-------- Provided material --------

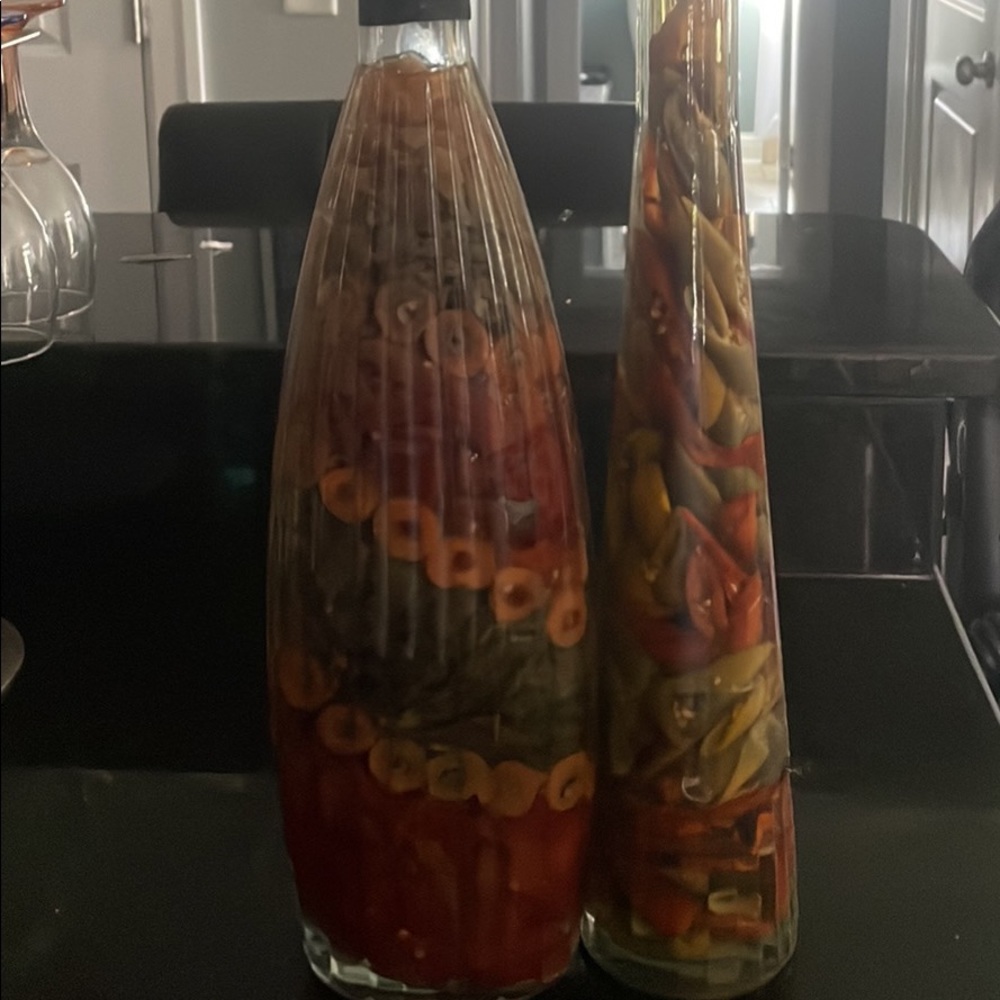 Decorative olive and pepper glass bottles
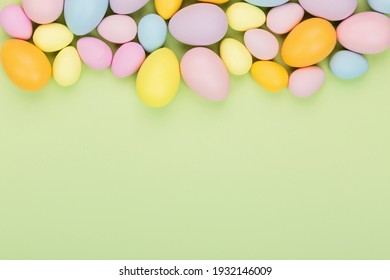 Stylish Background With Colorful Easter Eggs Pastel Colors Isolated On Green Background. Flat Lay, Top View, Mockup, Overhead, Template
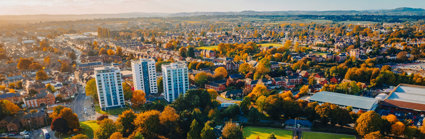 Aerial view of town with tower blocks and sports fields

--------

The answer must be the full listing retyped exactly, with no pictures in it.

 Decorative olive and pepper glass bottles
 Stylish Background With Colorful Easter Eggs Pastel Colors Isolated On Green Background. Flat Lay, Top View, Mockup, Overhead, Template
 Aerial view of town with tower blocks and sports fields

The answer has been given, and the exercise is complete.